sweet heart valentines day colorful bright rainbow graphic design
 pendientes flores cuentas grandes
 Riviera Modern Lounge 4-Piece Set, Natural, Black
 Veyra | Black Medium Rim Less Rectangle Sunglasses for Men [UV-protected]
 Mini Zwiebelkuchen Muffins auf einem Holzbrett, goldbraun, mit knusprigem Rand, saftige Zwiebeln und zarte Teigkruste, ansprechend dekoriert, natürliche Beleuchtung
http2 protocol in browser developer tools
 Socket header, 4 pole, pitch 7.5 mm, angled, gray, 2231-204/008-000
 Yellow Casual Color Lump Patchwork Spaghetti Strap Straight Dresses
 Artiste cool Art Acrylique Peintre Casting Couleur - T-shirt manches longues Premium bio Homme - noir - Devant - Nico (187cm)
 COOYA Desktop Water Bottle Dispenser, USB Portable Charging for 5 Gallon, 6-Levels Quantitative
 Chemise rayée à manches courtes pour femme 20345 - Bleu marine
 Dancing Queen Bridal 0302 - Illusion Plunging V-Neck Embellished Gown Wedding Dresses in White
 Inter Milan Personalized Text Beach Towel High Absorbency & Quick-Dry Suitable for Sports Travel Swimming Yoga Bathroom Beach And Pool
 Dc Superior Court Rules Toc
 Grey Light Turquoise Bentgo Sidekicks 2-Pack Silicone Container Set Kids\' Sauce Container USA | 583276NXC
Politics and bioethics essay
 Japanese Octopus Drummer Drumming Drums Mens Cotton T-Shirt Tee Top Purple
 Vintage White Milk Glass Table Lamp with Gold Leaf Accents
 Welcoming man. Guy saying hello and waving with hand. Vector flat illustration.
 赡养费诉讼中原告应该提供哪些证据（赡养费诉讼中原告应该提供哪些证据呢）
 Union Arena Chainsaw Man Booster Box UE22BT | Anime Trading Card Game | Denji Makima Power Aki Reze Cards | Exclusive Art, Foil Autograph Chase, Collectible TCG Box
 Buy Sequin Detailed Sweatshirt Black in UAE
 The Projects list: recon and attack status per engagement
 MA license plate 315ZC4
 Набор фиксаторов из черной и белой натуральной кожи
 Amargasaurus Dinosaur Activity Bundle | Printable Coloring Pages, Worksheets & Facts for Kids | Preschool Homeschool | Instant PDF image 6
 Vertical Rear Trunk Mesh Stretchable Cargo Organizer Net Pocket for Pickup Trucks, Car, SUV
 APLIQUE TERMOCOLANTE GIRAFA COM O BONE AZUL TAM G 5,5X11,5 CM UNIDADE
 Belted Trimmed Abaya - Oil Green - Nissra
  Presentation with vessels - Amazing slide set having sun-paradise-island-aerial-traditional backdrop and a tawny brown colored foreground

________

EXERCISE OBJECTIVE: Go line by line through the data, copying each one that contains the word "Dresses".

SOLUTION TO THIS PROBLEM:
 Yellow Casual Color Lump Patchwork Spaghetti Strap Straight Dresses
 Dancing Queen Bridal 0302 - Illusion Plunging V-Neck Embellished Gown Wedding Dresses in White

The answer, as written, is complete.